Another Site to Add to List for Students to Research

I came across an interesting site the other day while grading the Honors Chemistry annotated works cited projects. It was for the Citizens Commission on Human Rights or CCHR. Since the student was doing their project on sleeping pills and this site has a particular view of psychiatry and the use of prescription drugs. Here is what the citation and annotation said:

"Lane, Christopher, Ph.D. "Pharmaceutical Scandal in Britain Sheds Disturbing New
Light on Benzodiazepines." Mental Health Blog . Citizens Commission on
Human Rights International , 12 Nov. 2010. Web. 23 Feb. 2011.
I did not find this website through one of the databases provided in the LibGuides. However, this source is credible because it is an organization with a .org website.

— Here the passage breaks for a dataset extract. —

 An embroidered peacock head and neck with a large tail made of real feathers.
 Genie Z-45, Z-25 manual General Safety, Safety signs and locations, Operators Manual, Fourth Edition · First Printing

My head ALMOST exploded. How many times had I said that a .org meant nothing? About 1000 times. So I went to the site and sure enough there seemed to be a particular bias against prescription drugs. The paper calls for objective scientific facts, not persuasive argumentation. They are supposed to use library resources and since they are an honors class, I had also granted them the ability to use the science search engine with the admonition that they still needed to use their head when selecting sites.

So, I did what I always do. First, a link check. Go to google, put in and see who is recommending the Commission as a credible source. Then I do a search to see who owns the site and see if they have a PO Box or a street address. Then I look them up on wikipedia.

Interesting. What do you think? I think I will add them to my list of example sites.